2018-01-08 16:17:30 UTC:removed[8341]:LOG: terminating any other active server processes

2018-01-08 16:17:30 UTC:removed(48672):removed@removed:[10278]:warning: terminating connection because of crash of another server process

2018-01-08 16:17:30 UTC:removed(48672):removed@removed:[10278]:DETAIL: The postmaster has commanded this server process to roll back the current transaction and exit, because another server process exited abnormally and possibly corrupted shared memory.

2018-01-08 16:17:30 UTC:removed(48672):removed@removed:[10278]:HINT: In a moment you should be able to reconnect to the database and repeat your command.

repeat above logs a bunch of times

2018-01-08 16:17:30 UTC:removed[8341]:LOG: archiver process (PID 26438) exited with exit code 1

2018-01-08 16:17:30 UTC:removed(53072):removed@removed:[21450]:warning: terminating connection because of crash of another server process

2018-01-08 16:17:30 UTC:removed(53072):removed@removed:[21450]:DETAIL: The postmaster has commanded this server process to roll back the current transaction and exit, because another server process exited abnormally and possibly corrupted shared memory.

2018-01-08 16:17:30 UTC:removed(53072):removed@removed:[21450]:HINT: In a moment you should be able to reconnect to the database and repeat your command.

then repeat below log a bunch of times

2018-01-08 16:17:30 UTC:removed(53166):removed@removed:[21537]:FATAL: the database system is in recovery mode

Do you think that this log:

2018-01-08 16:17:30 UTC:removed(53072):removed@removed:[21450]:DETAIL: The postmaster has commanded this server process to roll back the current transaction and exit, because another server process exited abnormally and possibly corrupted shared memory.

could be because I often run sudo systemctl stop logstash and maybe the Postgres database couldn't stop the large query very quickly so the processed was killed in a bad way (or something)?


(Guy Boertje) #6

Well it does look like your Postgres db is segfaulting.

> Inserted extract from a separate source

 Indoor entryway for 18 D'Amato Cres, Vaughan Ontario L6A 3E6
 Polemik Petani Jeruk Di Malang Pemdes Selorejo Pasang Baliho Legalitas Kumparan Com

Sequel uses a connection pool under the hood so I guess the jdbc input's connection is a pool connection lease. I think it is these connections that are throwing the PGException indirectly.


#7

I'm not familiar with the concept of segfaulting. Is that something caused by a bug in Postrgesql, or AWS RDS, or is it because of some misconfiguration on our part? Or it normal to see this if you overload the database somehow?


(Guy Boertje) #8

An abnormal obscure bug of some kind in Postgres I think. How often does it happen?

I am not a DBA type expert.

Try to upgrade to a more recent version of PG and the driver too.

Other than that, you will need to put your Sherlock Holmes hat on and search the internet.


#9

okay thank you


(system) #10

This topic was automatically closed 28 days after the last reply. New replies are no longer allowed.